Currency and Ratings to Move Downward?
----------------------------------------

8. (SBU) NBU Deputy Governor Oleksandr Savchenko told reporters on
October 21 that the National Bank is prepared to continue
interventions on the interbank currency market. At the same time,
he said the exchange rate should float more freely. According to
Savchenko, the NBU will try to bring the official hryvnia exchange
rate closer to the market rate and expects that both will equalize
in the coming weeks. In recent days the NBU has intervened
sporadically, selling small amounts of dollars far below the rates
traded in the interbank market. Since the beginning of October, the
NBU has spent nearly $2 billion on interventions.

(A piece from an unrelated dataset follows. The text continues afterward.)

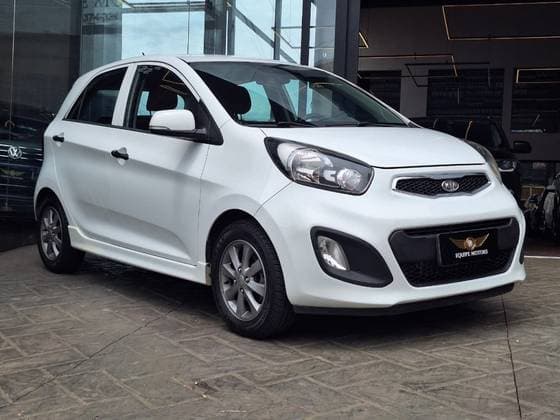 Carro 1.0 EX 12V FLEX 4P AUTOMÁTICO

9. (U) Moody's lowered its ratings on twelve Ukrainian banks, the
agency said in a press release. Fitch said it had lowered the
ratings on ten banks following its downgrade of Ukraine's sovereign
rating.

Comment
----------------------------------------

10. (SBU) It is assumed that any emergency plan proposed by the
NSDC or Cabinet of Ministers should reflect the IMF's
conditionalities. Likewise, the NBU's public statements on a more
flexible exchange rate policy may be preparing the public for an
austerity program and hryvnia devaluation. Yushchenko has already
taken the first step to align himself with the necessary measures,
by presiding over NSDC proposals and suspending his decree on the
Rada's dissolution. A lack of action at the Rada on October 21,
combined with uncoordinated statements by the President and Prime
Minister on the necessary anti-crisis and austerity measures,
however, reveal that officials in Kyiv remain unable to take the
broadly agreed upon next steps in tandem. Achieving consensus with
the IMF, as well as implementing conditionalities of an IMF support
package, will be difficult as long as both sides cannot publicly
show compromise on the contours of an emergency plan. End Comment.